Samia sings in code to hide herself but lays her anguish bare on her incisive and visceral third album.
Indie rock darling Samia Finnerty, who performs as Samia, broke out with a Spotify-boosted debut single followed by critically acclaimed debut LP The Baby (2020) and scene-y sophomore record Honey (2023).
That record’s title track tends to stick with you, thanks to its sweet, swaying hook—but also the dark underbelly that’ll catch you by surprise, even after months of hearing it in a friend’s car or on an algorithmic playlist. “I’ve got a good feeling about this weekend, do you want to go to Baby’s?” Samia sings. “It’s all honey, honey.” She’s having a fun night with friends! She’s having one of those weekends where being alive comes easy! Then it’s “if you give me a beer, I’ll forget to watch what I eat and I don’t care” and “all you can do from this hotel room is fantasize / all you can do when he needs you is close your eyes.”
Wait, what?
Samia loves to write in code, a habit that’s especially impactful when sound as well as lyrics obscures her meaning: she isn’t hiding anything in “Honey,” but its warm embrace sways listeners into a daze that makes the revelation of the song’s true subject matter unsettling.

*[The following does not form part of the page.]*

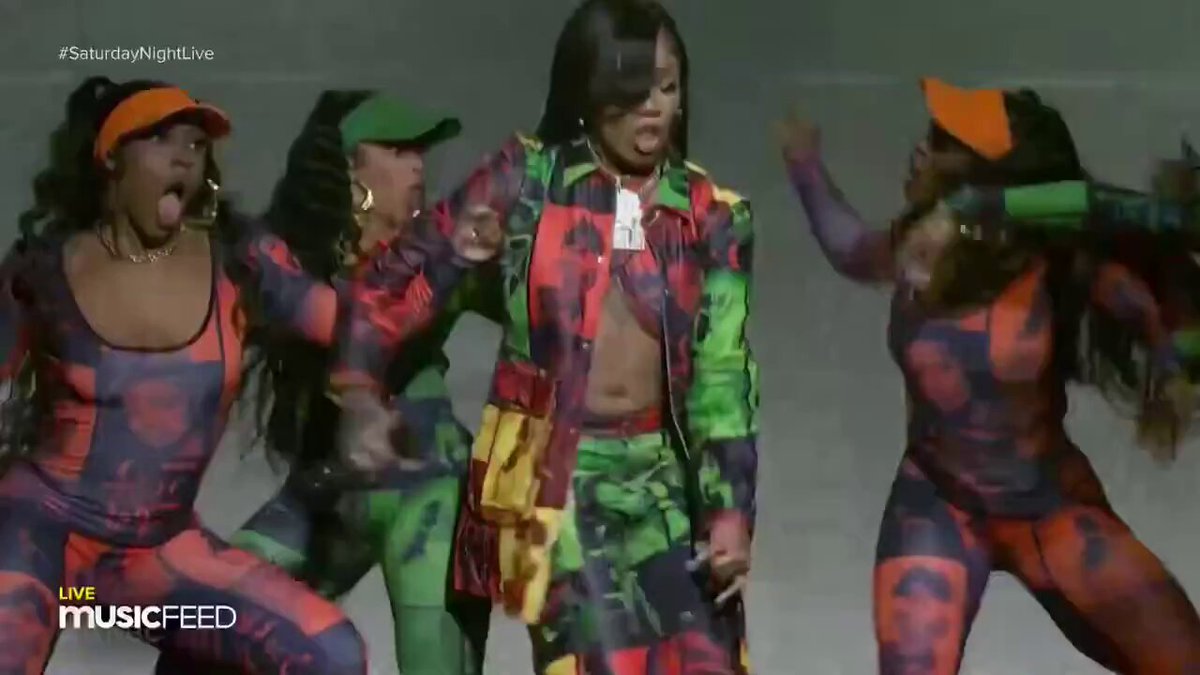 the live version of “Yeah Glo” is eating if for me.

And that’s the title track of the album, Samia claims she wrote out of code (sometimes to its detriment).
Thank god, in Bloodless Samia is back to her lyrical tricks.
On the phenomenal “Bovine Excision,” she sings, “I wanna be untouchable / I wanna be impossible.” It’s the battle cry of a woman who wants total intimacy, vulnerability, and exposure, as well as total remove, power, and inviolability. She tries for it on this record by boxing intimate confessions into fine-point observations, references, and viscera and hiding them all around her overgrown yard.

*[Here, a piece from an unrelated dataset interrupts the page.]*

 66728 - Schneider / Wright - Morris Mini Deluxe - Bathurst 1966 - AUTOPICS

The record itself sounds like a Southern summer night on a screened-in porch overlooking that yard: naturalistic, thick, dark, and still. Samia recorded in North Carolina, and that terroir, plus her Nashville residency of late, bleed in beautifully.
In the first verse of single “Hole in a Frame” Samia sings “a little death goes a long way,” in context a forget-your-Sex-Pistols-history-and-you’ll-miss-it reference to Sid Vicious’ death. In the second verse, she sings “like a photograph of the last time I came, a little death goes a long way,” an allusion to the French term for orgasm, literally meaning “little death.” In the age of Gracie Abrams’ cardboard confessions and AOTY winner Kacey Musgraves singing “I’m kinda sad,” it’s victorious to hear Samia lament the lack of a lover left using a tapestry of evocative innuendos, collectively moving closer to expressing her hurt than a straight shot could.
That hurt is the core of at least the first half of the record, which finds Samia lurking around every corner, stewing on her wounds. In Bloodless, Samia is Jennifer Check peering out of that black lake — the scene is calm and placid, but make no mistake, the current roiling underneath is vicious. The forceful “Carousel” reads as a wide-eyed love song, but a thudding, building, then crashing instrumental wall—the Eldritch enormity of the feeling—signals danger. All the while, Samia’s even voice, dark like tinted glass, is matter-of-fact, in total control. Even when the Nashville influence veers dangerously close to a stomp-clap revival, as on “Spine Oil,” an off-kilter sound and that cool voice create a foreboding, yet assured quietude.
From her coded remove Samia hands down warnings tinged with violence: “you can go outside on a hot night and clap, but you won’t get your blood back,” “you’ve mistaken my joy for weakness, baby your mistake, your mistake and it won’t go down easy,” “you keep flashing your angle / do you wanna see mine?” Yet Samia never goes Rambo; her power comes from her sage, assured certainty, like when “you never loved me like you hate me now” lands like a blow, not a sob.
Samia is lurking in the shadows: she can see you and she remembers. But where is she?
The album’s second half finds Samia reckoning with herself. On “Craziest Person,” she sings, “I’d rather hear someone else’s problems / than worry about what I’m supposed to do.” On “Proof,” she pushes friends away by telling them “you don’t know me, bitch.” On “North Poles”: “when you see yourself in someone, how can you look at them?” And on the apotheosis of this theme, “Pants,” her bafflement that a version of herself existed who bought a pair of pants causes her to dissolve entirely. “Wanna see what’s under these Levi’s? I got nothin under these Levi’s.”
In her pain and insecurity Samia aches to disappear into a wisp on a wind—nowhere, impossible, unknowable, untouchable—but her close attention to the material world betrays her love of it. Her power comes from conjuring the minutiae of the horrors: lime Lays, full leeches in her underwear, cigarettes, the memory of the last time she came; even a 24 pack of Miller Lite and a can of biscuits, which she describes in the last track as a sort of communion, a baptism out of the purgatory of the scorned.